Games of Zeus 02- Silent Echoes (22 page)

Read Games of Zeus 02- Silent Echoes Online

Authors: Aimee Laine

Tags: #Romance, #Fantasy, #Paranormal, #mythology, #Zeus, #game, #construction

“Your birthday.”

“And her birthday is June twelfth, which is also actually her birthday.” Ian stood, paced toward the small fountain and back. “It all fits. I know it. I feel it.”
Just like I feel the tie-in with her.
“There is no question. Sherrill said her grandparents saw the two people from the photo together. They couldn’t be together. Class and skin color would have prevented it. Then … she disappeared. Someone pointed a finger at him, the town said it was me … and he—I—he was hanged. Rightly so if he—me—I killed her.”

“Well, if that’s the case, be happy you aren’t them, then. You’re you … today. Without race and class restrictions. Sounds to me like you’re getting a second chance. Or, in your case, a fourth.”

Ian nodded to no one. “Exactly what I think. Damn finger tattoo. But this is ridiculous, you know? This doesn’t happen to normal people.”
I wouldn’t kill someone.

Tripp laughed. “Like what Lexi and I can do? Or Taylor?”

“You never said anything about what she could do.”

“Did you think I would?”

Ian shook his head. “Of course not.”

“Good. So, maybe it’s all connected. You know, me, Lex, Sherrill, Marge, George, you, Taylor.”

“I’m not Zeus’s pawn, Tripp. This isn’t a game. You knew what you had to deal with. That was a game. It can’t be when the rules aren’t obvious or clear or even defined. Zeus wasn’t that mad.”

“Think again.” Tripp chuckled again. “No one ever said Zeus didn’t stick things to people, Ian. So … what’re you going to do?”

Ian ran a hand over his head, digging his fingers into his scalp. “I have no fucking idea.”

“Think through this logically. If what you said is true … and you are them from before, and you did—though I’m not saying you did—kill her before, and this is try number four, maybe this time you’re supposed to find a way not to do it. Maybe you’re not the Romeo and Juliet type this time around, but you’re the kick ass and take names.”

“This is
not
a game.”

“Okay.

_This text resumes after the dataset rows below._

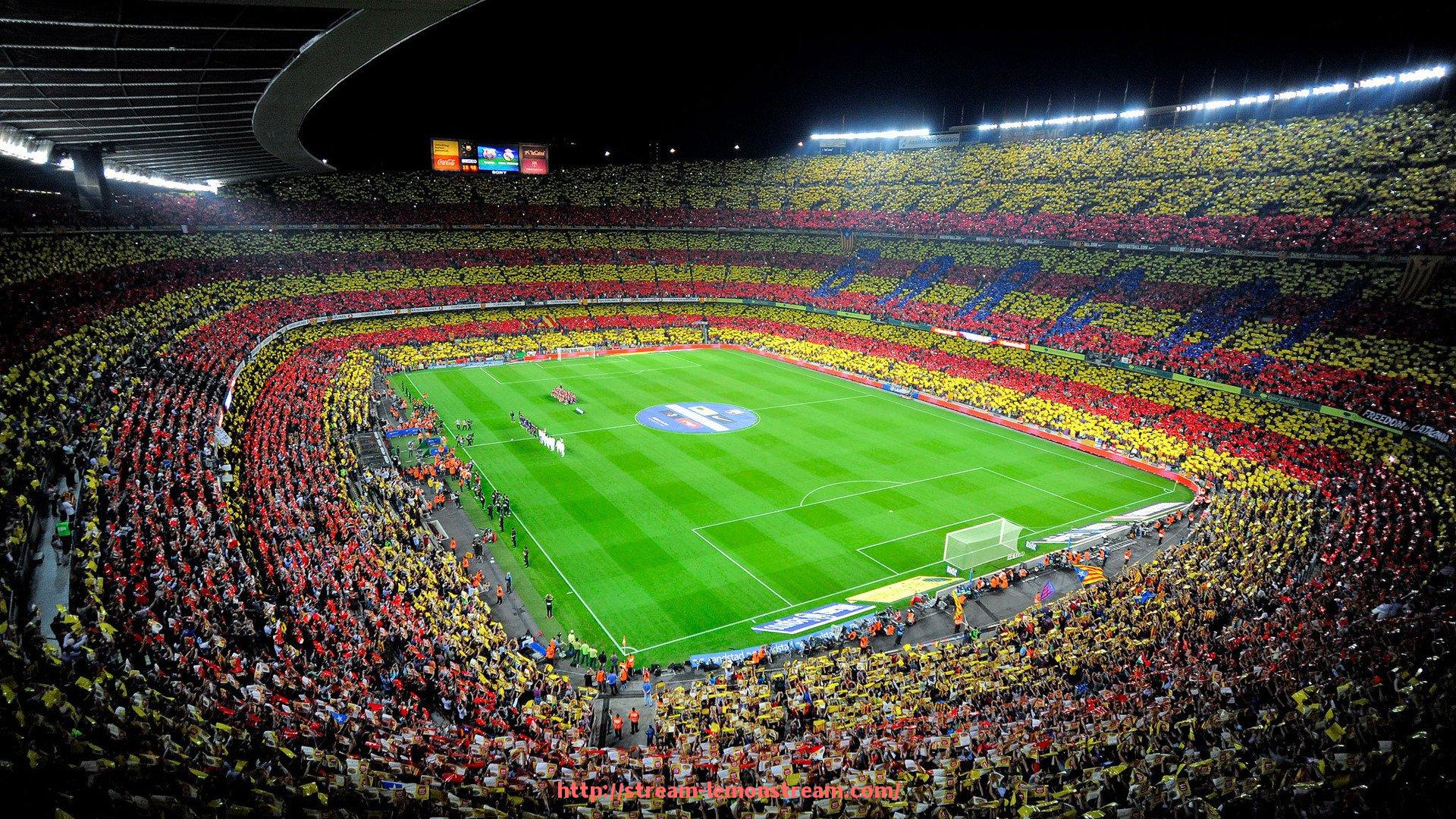 柠檬体育直播-火箭队以往球员名单及贡献回顾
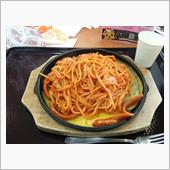 年末年始休暇・8日目は．．．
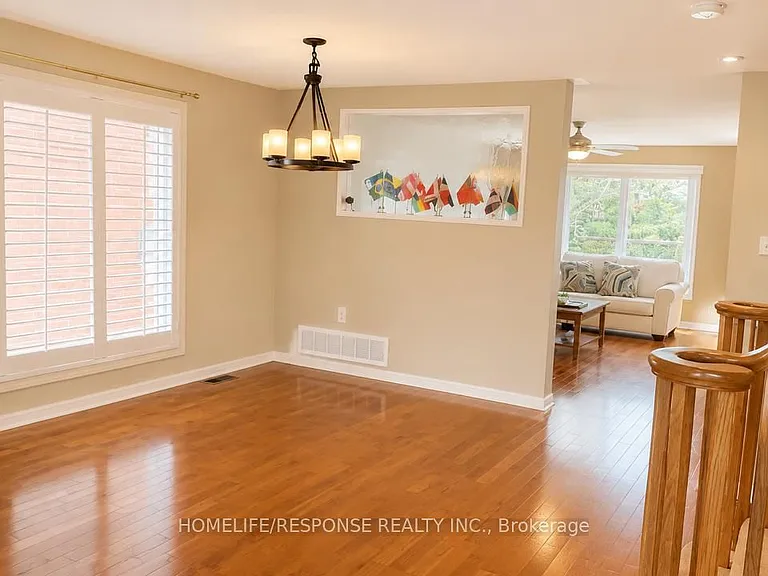5156 Oakley Dr — Photo 7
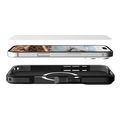 uag glass shield not applicable for iphone 16 extra photo 3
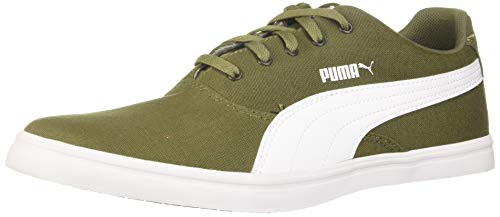 Image of Puma Unisex Rigel Sneaker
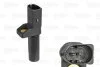 VALEO DB датчик обертів двигуна 202/210 Valeo 254033 (фото 1)
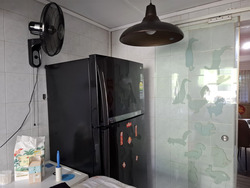 Blk 132 Jalan Bukit Merah (Bukit Merah), HDB 3 Rooms #556012761
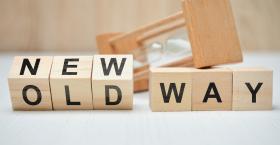 Best of the Old and New: Deploying Modern Corporate Academies for Better Skill-building Results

Okay, man. We’ll go with that theory for now. How is Taylor, by the way?”

“Fucked up.” Ian went on to fill Tripp in.

Would a god pit two people against each other who also might love each other? What kind of sickness is that?

“You sound tired, Ian.”

“I’m exhausted. Have you ever tried to sleep on a guest chair for anything other than a nap?”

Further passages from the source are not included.